» **Task to complete**
Word for word, copy the entire listing below, but do not carry over any pictures.

» **Data excerpt**
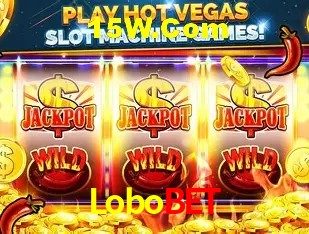 Variedade de jogos na Lobobet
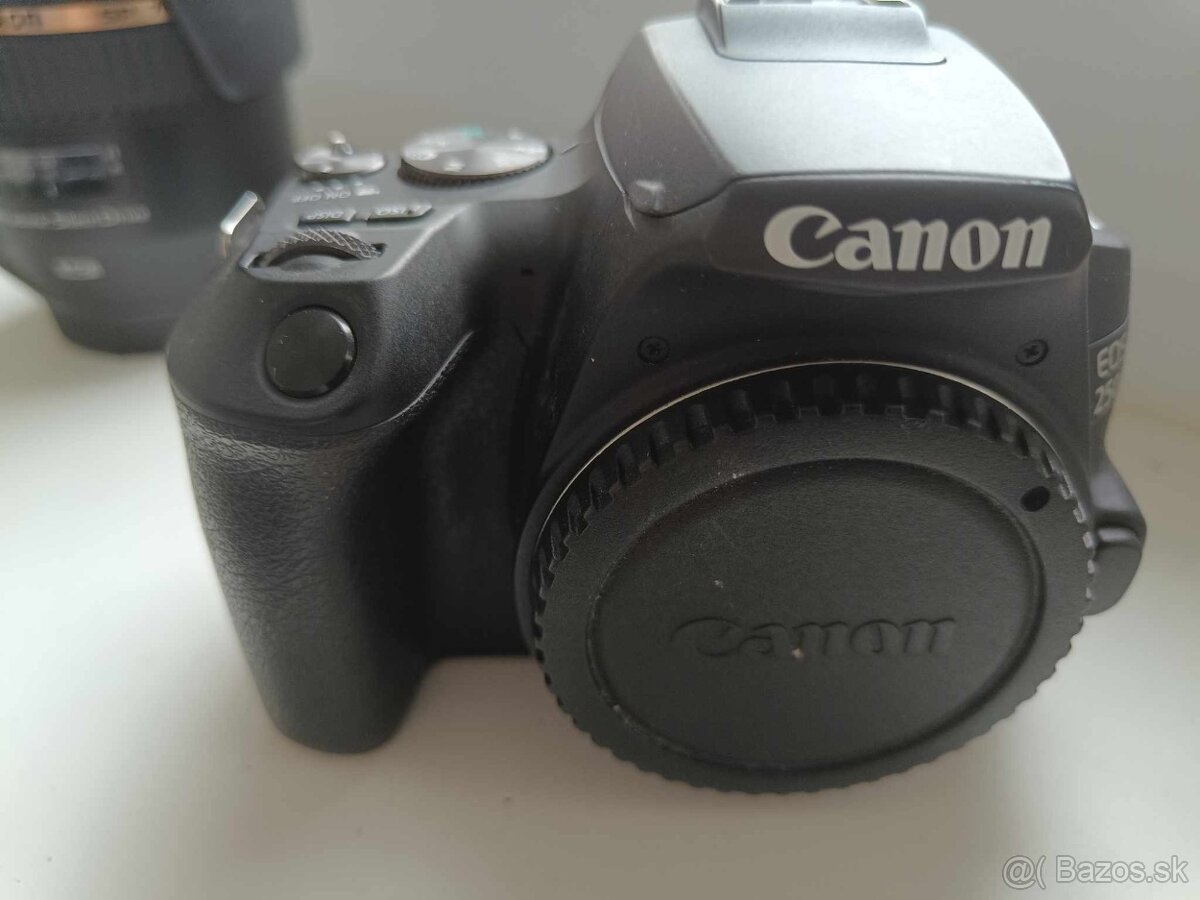Canon eos 250D - 3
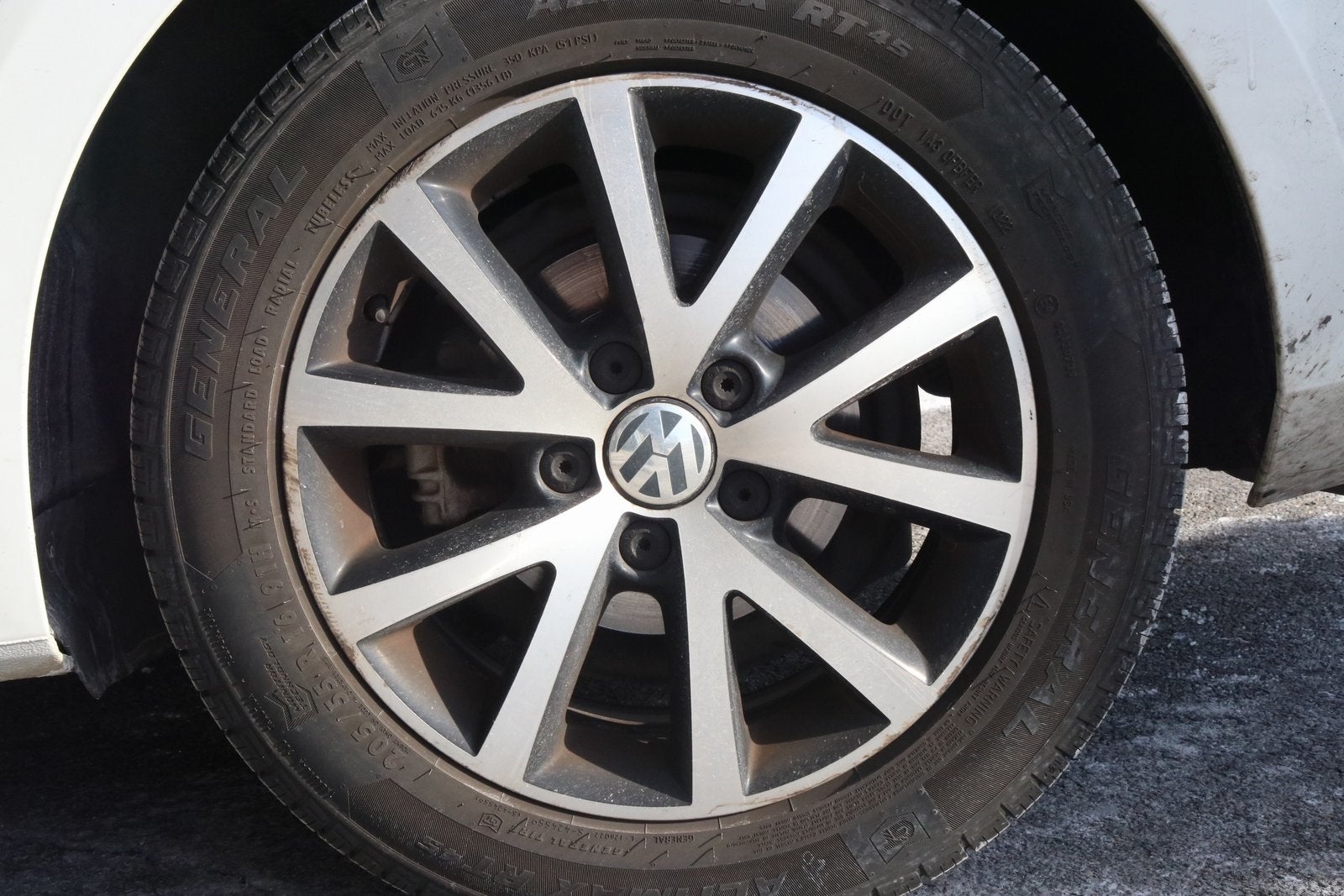 2017 Volkswagen Jetta 1.4T SE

» **Written response**
 Variedade de jogos na Lobobet
Canon eos 250D - 3
 2017 Volkswagen Jetta 1.4T SE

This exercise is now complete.